Feb. 9 (Bloomberg) -- Spain kept an investment-grade rating at Fitch Ratings, which said its debt will peak below 100 percent of gross domestic product and that the government still has some room for maneuver in the event of further shocks.
The country remains at BBB, two levels above junk, and the outlook is still negative, the credit-ratings company said in a statement in London yesterday. It predicted that debt will peak at 96 percent of GDP in the 2014-15 fiscal year and then decline “gradually.”
The rating “reflects Fitch’s opinion that the sovereign maintains some fiscal headroom, albeit significantly reduced,” Fitch said. “Spain’s rating is lower than that of other large advanced economies, reflecting the relatively large risks to creditworthiness posed by its economic and financial adjustment within the euro zone.”
Fitch’s rating on Spain is one level higher than those of Standard & Poor’s and Moody’s Investors Service, which both have the country graded at one level above junk.

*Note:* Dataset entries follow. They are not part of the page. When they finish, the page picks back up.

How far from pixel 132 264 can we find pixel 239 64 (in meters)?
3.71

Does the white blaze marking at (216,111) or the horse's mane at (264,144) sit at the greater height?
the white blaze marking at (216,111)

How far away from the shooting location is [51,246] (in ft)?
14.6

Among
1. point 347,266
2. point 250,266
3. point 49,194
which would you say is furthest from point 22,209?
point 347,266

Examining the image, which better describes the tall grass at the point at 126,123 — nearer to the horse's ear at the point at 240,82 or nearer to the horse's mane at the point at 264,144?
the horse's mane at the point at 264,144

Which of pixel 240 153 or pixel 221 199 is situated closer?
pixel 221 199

Investors often ignore ratings, evidenced by the rally in Treasuries after the U.S. lost its top grade at S&P in 2011.
Fitch said the negative outlook on Spain reflects risks including a failure to shift its public debt ratio down in the medium term, uncertainty about its economic and fiscal policy, a worse than expected recession, and the threat of an intensification of the euro-area debt crisis.
Fitch said that Spain’s “deep recession” will continue this year and it forecast that the economy will begin to recover in 2014 “as headwinds from fiscal austerity and financing conditions ease.”

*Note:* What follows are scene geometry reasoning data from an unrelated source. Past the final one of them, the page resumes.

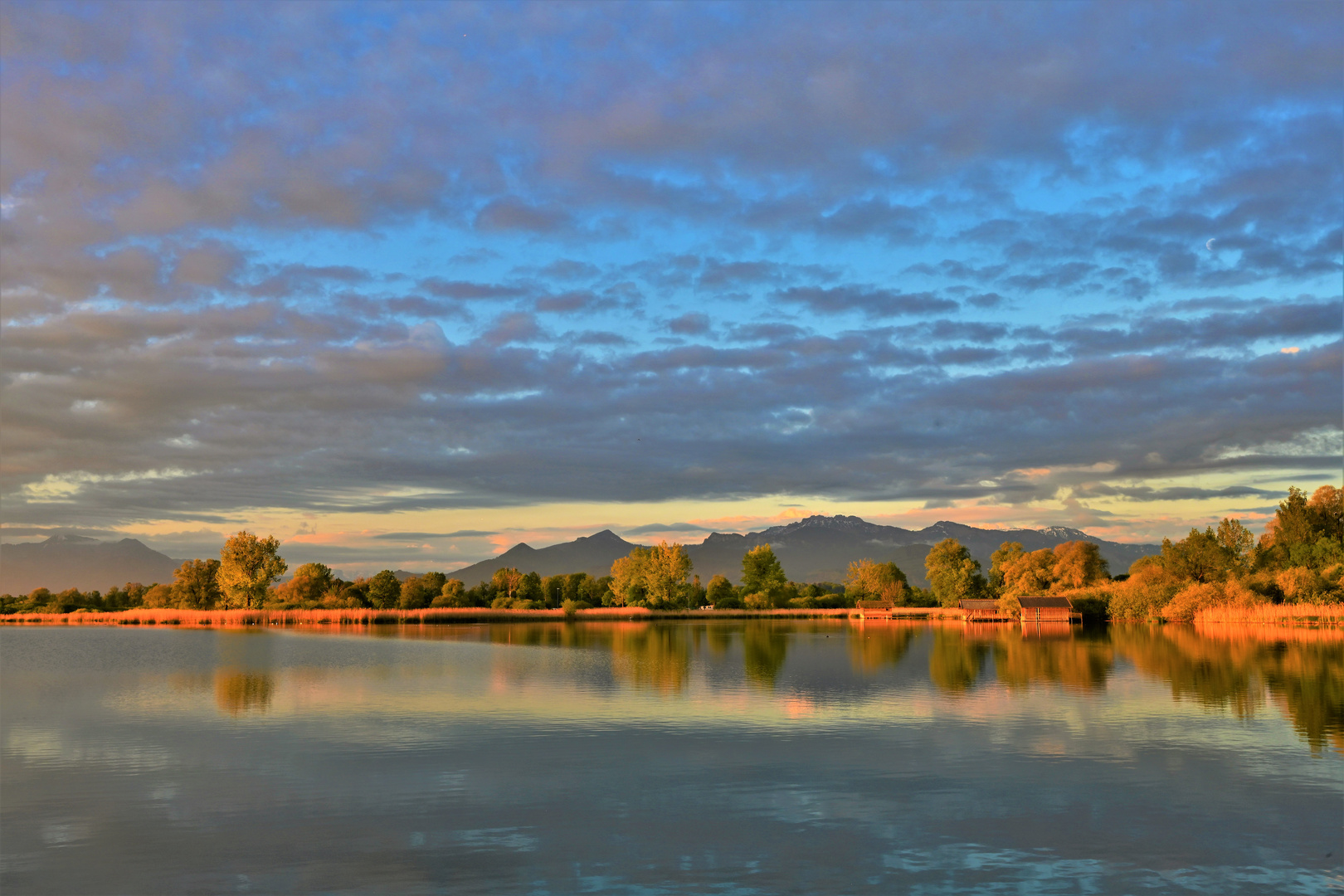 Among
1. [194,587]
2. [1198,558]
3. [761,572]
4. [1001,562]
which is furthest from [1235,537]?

“The fiscal deficit will take several more years to be eliminated in structural terms,” it said. “Growth prospects are uncertain, all sectors of the economy are relatively indebted and unemployment is exceptionally high.”

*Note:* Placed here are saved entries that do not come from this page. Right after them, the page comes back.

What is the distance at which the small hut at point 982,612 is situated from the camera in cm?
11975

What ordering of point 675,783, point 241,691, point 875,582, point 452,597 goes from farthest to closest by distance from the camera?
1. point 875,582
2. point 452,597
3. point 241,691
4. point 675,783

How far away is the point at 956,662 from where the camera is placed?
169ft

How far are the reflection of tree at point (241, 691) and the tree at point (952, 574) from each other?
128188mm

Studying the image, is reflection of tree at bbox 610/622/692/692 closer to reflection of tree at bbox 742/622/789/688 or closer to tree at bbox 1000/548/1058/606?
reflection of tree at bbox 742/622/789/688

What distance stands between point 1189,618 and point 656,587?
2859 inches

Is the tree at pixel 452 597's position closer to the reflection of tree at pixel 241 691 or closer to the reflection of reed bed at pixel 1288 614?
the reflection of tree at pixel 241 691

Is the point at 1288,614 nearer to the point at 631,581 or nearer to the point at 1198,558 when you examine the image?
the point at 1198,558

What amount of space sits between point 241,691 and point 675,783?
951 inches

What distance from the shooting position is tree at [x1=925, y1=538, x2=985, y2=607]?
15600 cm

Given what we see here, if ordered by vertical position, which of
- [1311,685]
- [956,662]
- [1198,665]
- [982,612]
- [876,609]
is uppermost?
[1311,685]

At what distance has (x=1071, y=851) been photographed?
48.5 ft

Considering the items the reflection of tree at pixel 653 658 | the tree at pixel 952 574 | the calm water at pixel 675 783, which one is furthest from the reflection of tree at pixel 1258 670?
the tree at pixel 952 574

Yields on sovereign securities moved in the opposite direction from what ratings suggested in 53 percent of 32 upgrades, downgrades and changes in credit outlook last year, according to data compiled by Bloomberg published on Dec. 17. Investors ignored 56 percent of Moody’s Investors Service rating and outlook changes and 50 percent of those by S&P. That’s worse than the longer-term average of 47 percent, based on more than 300 changes since 1974.